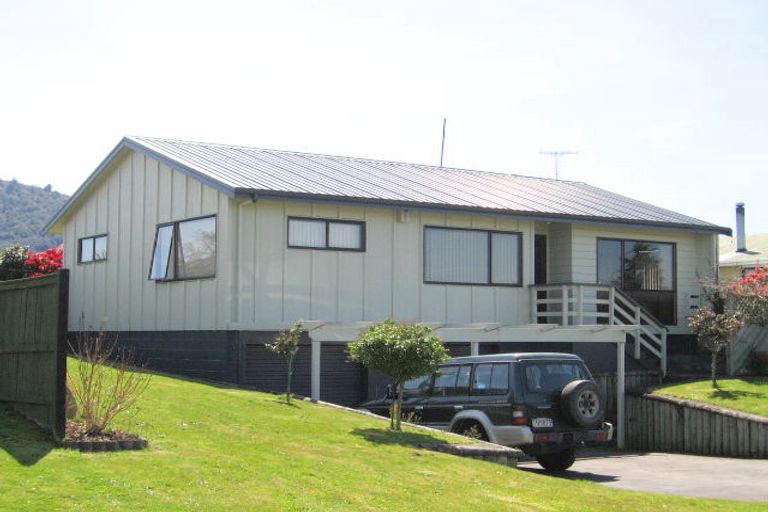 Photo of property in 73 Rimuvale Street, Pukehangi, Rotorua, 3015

──────────

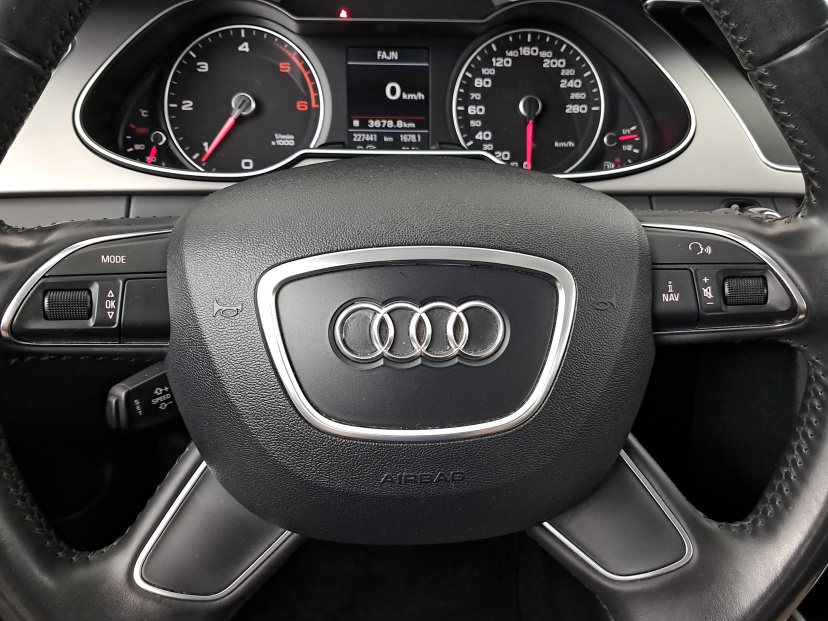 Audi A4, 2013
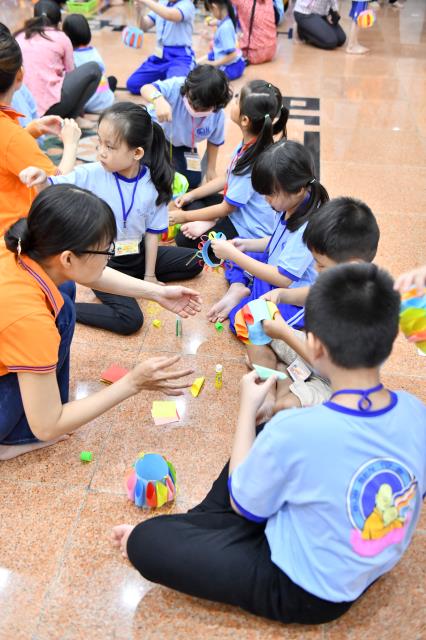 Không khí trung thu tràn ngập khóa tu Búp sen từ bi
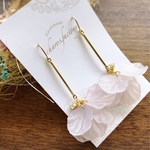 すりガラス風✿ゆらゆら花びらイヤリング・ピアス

──────────

_Task goal:_ Output exactly the lines of the listing above that start with the one holding "Không khí trung" and go on through the one holding "すりガラス風✿ゆらゆら花びらイヤリング・ピアス"; leave the pictures out.

_Exercise result:_
 Không khí trung thu tràn ngập khóa tu Búp sen từ bi
 すりガラス風✿ゆらゆら花びらイヤリング・ピアス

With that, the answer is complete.